Credit Score Simulator: Credit Bureau Secret Formula
Understand the credit score simulator
used by big credit bureaus to calculate your score.
It’s the first step towards good credit.
Sometimes, it’s hard to know where to start when you’re trying to fix your credit.
A great first step is to look at the credit bureau formula, which is the equation used to calculate your score. It’s a bit like peeking at the answers in the back of a schoolbook, but this time it’s not cheating. It’s smart strategy.
We’ll help you understand the formula. It’s simpler than you might think. Plus, we’ll arm you with action steps you can take right away to move the credit needle from poor to fair to good.
Credit score simulator, the credit bureau’s secret formula
The big three credit bureaus in the United States are Experian, TransUnion and Equifax. Each bureau has a slightly different proprietary formula, but all the formulas are basically the same. We’ll focus on the FICO® Score from Experian. This is the oldest credit bureau, and their score is the most widely used by lenders making credit decisions.
Many people are surprised when they see that the FICO Score is based on a simple formula with 3 major components and 2 minor components.
- Payment history (high impact, 35% of score)
- Credit card use (high impact, 30% of score)
- Average age of accounts (medium impact, 15% of score)
- Credit mix (low impact, 10% of score)
- Hard inquiries for new credit accounts (low impact, 10% of score)
The first 2 components of the credit score simulator are payment history and credit card use. These are the high impact pieces to the puzzle. They make up 65% of your total score, so that’s where you want to focus your energy when you’re working on your credit score.
Start by subscribing to a free credit report. It will tell you your current score and provide monthly updates to measure your progress.
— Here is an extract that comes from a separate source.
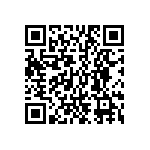 DWM-26-51-S-D-200 QRCode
Scroll down to read more about each part to the formula, plus some action steps you can take to improve your score in each area.
1. Payment History – 35%
Your payment history is the single most important piece of your credit score. It tracks how often a bill gets paid late. It also tracks when an account gets sent to a collections agency. These are sometimes referred to as derogatory marks.
Action Step #1: Make the minimum monthly payment on-time, every-time.
Action Step #2: Work with a credit repair agency to remove any derogatory marks from your credit bureau report. Top agencies have an outstanding track record getting old marks taken off the report, which increases your score right away.
2. Credit Card Use – 30%
Credit card use is almost as important as your payment history. This is the percentage of your credit limit that you use each month. It is calculated by dividing your unpaid card charges by the credit limit on that card. 0% to 29% credit card use is considered good. 30% to 49% is considered a yellow flag. And anything over 50% is considered a red flag.
Here’s an example of how it works. If the credit limit on your credit card is $1,000, then you cannot charge more than $290 (or 29% of the credit limit) without making a payment on the card. Otherwise, your credit score will go down.
Action Step #1: Pay down any outstanding balances until they are less than 29% of your credit limit.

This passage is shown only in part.